*** SOURCE INFORMATION ***

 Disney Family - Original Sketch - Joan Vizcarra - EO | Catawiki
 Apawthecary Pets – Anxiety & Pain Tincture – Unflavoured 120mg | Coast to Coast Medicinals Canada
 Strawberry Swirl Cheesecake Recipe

***
*** SOURCE INFORMATION ***

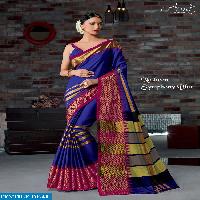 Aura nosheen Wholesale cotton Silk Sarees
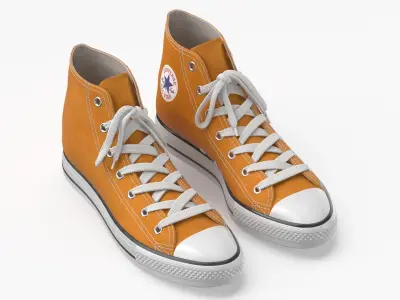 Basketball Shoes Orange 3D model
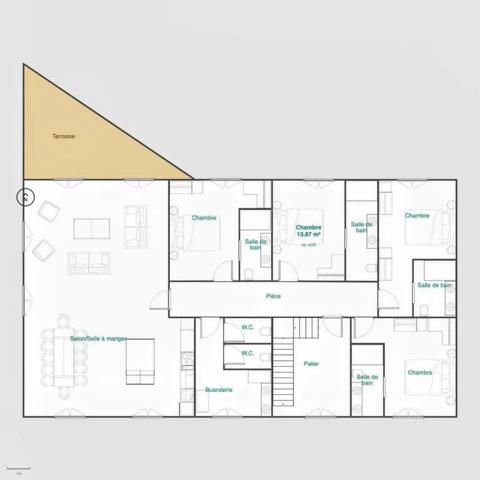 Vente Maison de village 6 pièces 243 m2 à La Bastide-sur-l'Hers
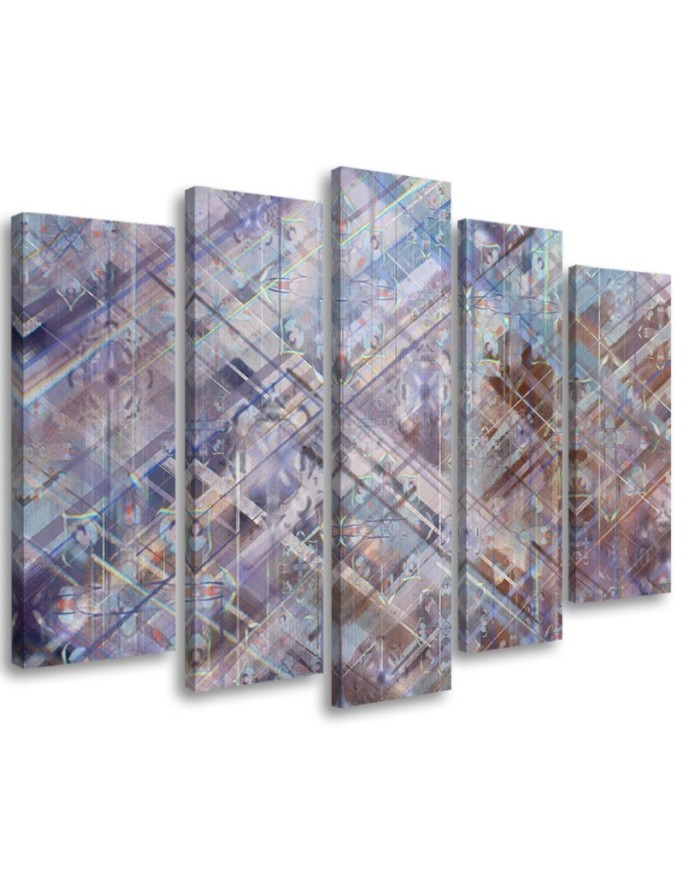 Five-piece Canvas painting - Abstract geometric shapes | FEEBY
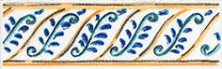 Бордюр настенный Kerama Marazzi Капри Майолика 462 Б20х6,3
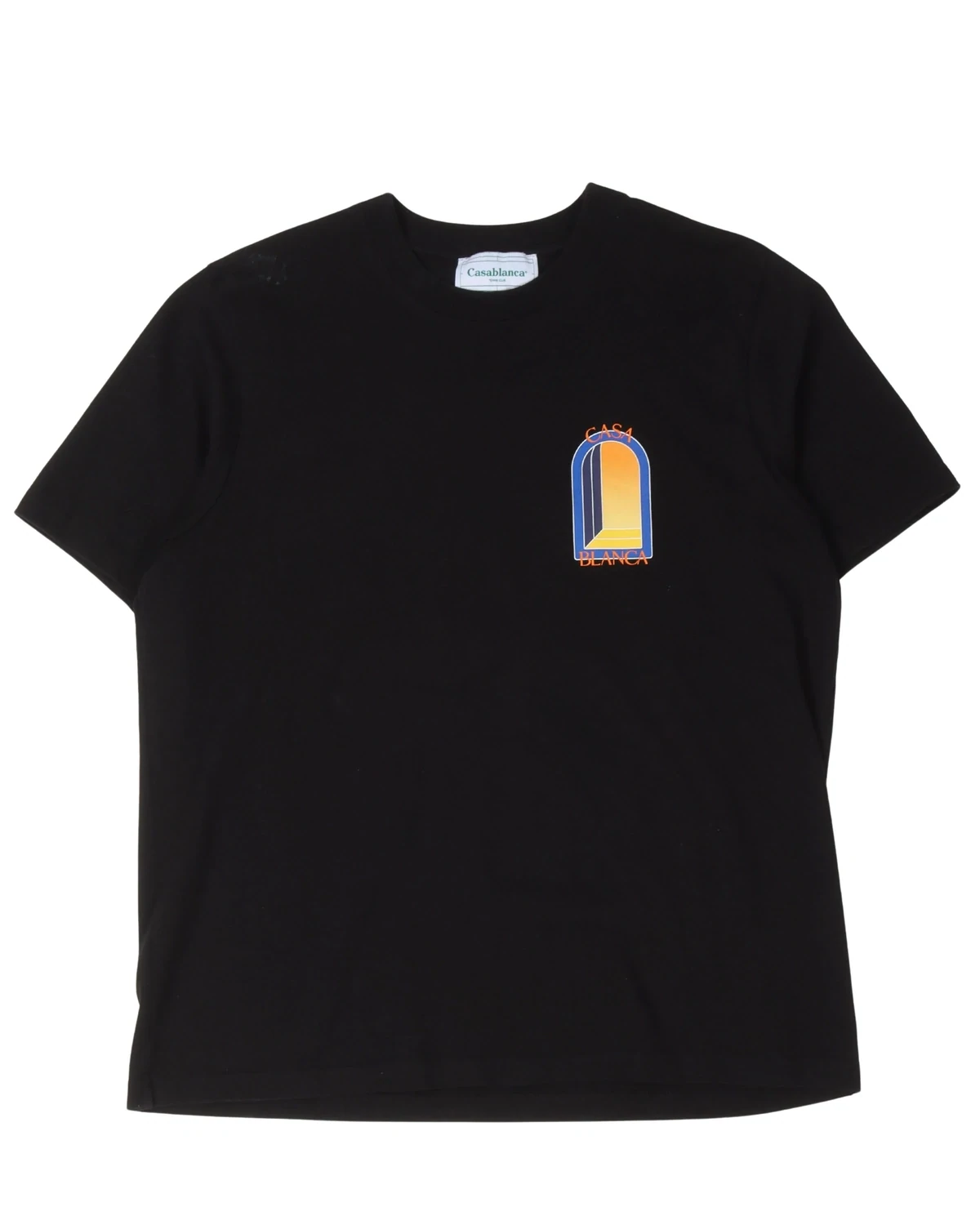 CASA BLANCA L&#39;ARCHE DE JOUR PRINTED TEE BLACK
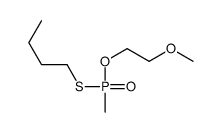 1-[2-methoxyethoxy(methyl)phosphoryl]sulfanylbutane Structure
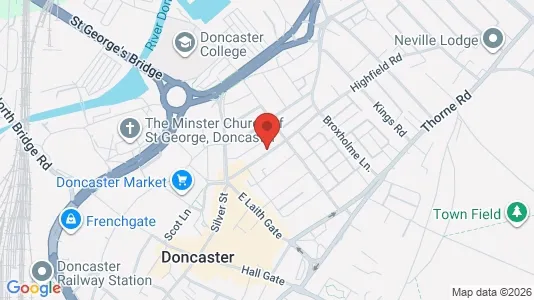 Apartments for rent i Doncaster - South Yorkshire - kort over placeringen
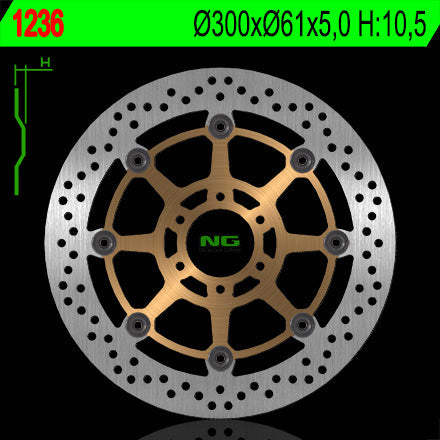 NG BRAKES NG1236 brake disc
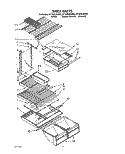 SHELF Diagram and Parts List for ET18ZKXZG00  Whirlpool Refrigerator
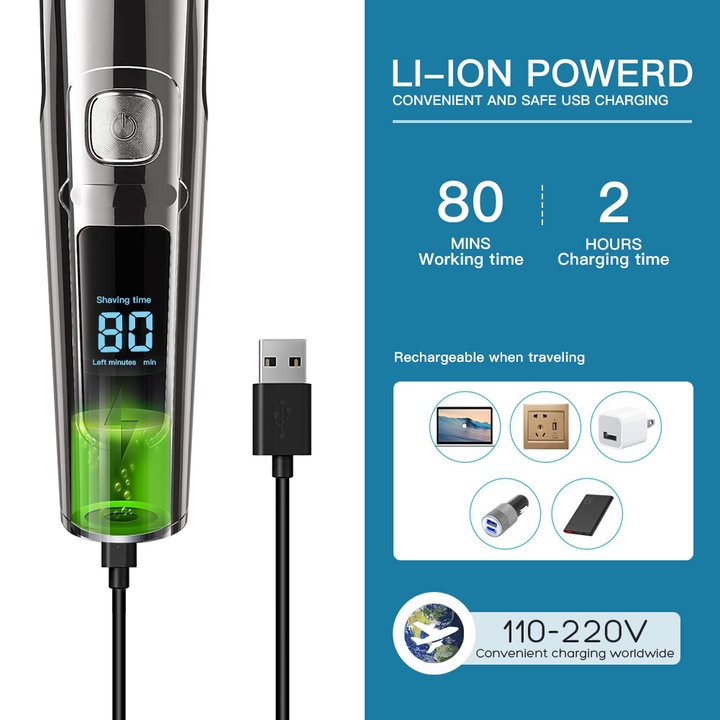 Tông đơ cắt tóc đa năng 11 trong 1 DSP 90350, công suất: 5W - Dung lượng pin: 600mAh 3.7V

***

REQUIRED WORK:
Reproduce, word for word, everything in the listing above from the line containing "CASA BLANCA L&#39;ARCHE" down to the line containing "Tông đơ cắt", both of them included. No pictures.

ANSWER:
 CASA BLANCA L&#39;ARCHE DE JOUR PRINTED TEE BLACK
 1-[2-methoxyethoxy(methyl)phosphoryl]sulfanylbutane Structure
 Apartments for rent i Doncaster - South Yorkshire - kort over placeringen
 NG BRAKES NG1236 brake disc
 SHELF Diagram and Parts List for ET18ZKXZG00  Whirlpool Refrigerator
 Tông đơ cắt tóc đa năng 11 trong 1 DSP 90350, công suất: 5W - Dung lượng pin: 600mAh 3.7V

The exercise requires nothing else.